Output, without alteration, the first line of the entries and each line after it, stopping with the line that contains "Alegria e integração".

[[ Data excerpts, beginning ]]

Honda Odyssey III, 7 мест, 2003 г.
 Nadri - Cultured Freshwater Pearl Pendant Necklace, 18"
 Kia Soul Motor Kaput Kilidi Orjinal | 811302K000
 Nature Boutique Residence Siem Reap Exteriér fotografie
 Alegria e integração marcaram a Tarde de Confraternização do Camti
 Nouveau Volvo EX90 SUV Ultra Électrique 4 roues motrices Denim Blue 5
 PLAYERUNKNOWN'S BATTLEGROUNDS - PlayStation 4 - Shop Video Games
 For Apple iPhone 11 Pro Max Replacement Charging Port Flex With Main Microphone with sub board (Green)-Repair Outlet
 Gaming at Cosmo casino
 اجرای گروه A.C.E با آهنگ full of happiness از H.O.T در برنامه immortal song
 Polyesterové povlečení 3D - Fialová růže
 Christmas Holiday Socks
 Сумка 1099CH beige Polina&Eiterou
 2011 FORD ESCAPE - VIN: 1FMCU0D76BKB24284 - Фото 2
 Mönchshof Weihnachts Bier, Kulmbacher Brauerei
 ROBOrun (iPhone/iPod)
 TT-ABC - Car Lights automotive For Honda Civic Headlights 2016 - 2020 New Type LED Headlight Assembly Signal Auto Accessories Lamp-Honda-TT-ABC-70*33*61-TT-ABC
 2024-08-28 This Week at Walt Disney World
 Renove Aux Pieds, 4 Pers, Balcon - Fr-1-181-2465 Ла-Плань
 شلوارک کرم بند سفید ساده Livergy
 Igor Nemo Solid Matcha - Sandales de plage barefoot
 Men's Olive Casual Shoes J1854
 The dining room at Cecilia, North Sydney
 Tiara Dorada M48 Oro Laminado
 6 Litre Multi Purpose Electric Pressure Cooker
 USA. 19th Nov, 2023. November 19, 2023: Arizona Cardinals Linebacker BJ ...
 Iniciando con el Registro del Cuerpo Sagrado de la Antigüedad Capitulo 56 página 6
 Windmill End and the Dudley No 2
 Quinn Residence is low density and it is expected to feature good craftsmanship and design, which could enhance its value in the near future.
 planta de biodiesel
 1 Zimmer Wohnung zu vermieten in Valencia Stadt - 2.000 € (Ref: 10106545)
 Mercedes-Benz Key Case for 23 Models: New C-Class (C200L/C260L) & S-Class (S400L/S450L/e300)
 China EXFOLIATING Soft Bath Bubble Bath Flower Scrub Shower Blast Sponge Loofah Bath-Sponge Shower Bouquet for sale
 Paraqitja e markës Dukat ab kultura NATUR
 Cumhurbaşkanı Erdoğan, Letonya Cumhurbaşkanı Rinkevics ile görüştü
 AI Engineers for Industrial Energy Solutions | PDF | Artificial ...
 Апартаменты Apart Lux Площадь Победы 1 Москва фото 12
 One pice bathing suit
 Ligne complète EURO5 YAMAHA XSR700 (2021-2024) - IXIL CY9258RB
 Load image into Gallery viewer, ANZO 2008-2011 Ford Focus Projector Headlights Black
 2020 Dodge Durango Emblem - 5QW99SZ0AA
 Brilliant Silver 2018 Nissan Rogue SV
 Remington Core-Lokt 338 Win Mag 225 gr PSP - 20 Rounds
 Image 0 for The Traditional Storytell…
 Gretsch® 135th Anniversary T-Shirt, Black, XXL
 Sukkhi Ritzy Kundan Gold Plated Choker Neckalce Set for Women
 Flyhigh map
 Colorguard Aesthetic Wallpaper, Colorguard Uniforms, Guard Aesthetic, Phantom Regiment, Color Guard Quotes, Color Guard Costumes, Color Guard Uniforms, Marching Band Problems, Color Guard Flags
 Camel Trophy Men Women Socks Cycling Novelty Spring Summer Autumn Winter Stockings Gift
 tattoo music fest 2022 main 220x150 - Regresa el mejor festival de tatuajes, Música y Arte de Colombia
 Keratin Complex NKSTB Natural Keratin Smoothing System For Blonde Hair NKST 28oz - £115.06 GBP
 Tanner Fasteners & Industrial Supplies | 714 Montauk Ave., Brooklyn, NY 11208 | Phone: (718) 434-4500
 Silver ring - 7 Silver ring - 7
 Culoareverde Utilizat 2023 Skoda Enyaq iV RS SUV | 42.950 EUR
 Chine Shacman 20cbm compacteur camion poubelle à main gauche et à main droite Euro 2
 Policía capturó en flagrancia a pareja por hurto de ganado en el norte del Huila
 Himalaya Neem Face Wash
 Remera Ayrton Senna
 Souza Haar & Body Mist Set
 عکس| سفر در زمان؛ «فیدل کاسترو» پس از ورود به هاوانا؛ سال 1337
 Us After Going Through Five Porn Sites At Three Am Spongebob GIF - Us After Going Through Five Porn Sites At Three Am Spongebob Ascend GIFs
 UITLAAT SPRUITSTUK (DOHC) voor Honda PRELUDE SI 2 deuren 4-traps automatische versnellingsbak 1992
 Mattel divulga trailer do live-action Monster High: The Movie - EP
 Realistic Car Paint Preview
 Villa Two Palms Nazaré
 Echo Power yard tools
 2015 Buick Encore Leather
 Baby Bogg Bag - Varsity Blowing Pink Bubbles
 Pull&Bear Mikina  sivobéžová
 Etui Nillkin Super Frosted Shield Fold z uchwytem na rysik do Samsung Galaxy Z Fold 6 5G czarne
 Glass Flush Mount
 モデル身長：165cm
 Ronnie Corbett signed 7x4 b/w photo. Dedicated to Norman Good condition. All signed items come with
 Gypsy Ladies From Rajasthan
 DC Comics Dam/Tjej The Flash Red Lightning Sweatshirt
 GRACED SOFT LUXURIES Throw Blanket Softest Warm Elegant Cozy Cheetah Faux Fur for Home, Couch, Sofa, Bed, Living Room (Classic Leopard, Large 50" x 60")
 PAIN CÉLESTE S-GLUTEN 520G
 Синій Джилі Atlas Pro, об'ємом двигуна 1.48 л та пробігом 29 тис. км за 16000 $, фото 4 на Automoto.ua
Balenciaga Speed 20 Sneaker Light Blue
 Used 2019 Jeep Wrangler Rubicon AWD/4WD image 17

[[ Data excerpts, end ]]

#### Result of the exercise
Honda Odyssey III, 7 мест, 2003 г.
 Nadri - Cultured Freshwater Pearl Pendant Necklace, 18"
 Kia Soul Motor Kaput Kilidi Orjinal | 811302K000
 Nature Boutique Residence Siem Reap Exteriér fotografie
 Alegria e integração marcaram a Tarde de Confraternização do Camti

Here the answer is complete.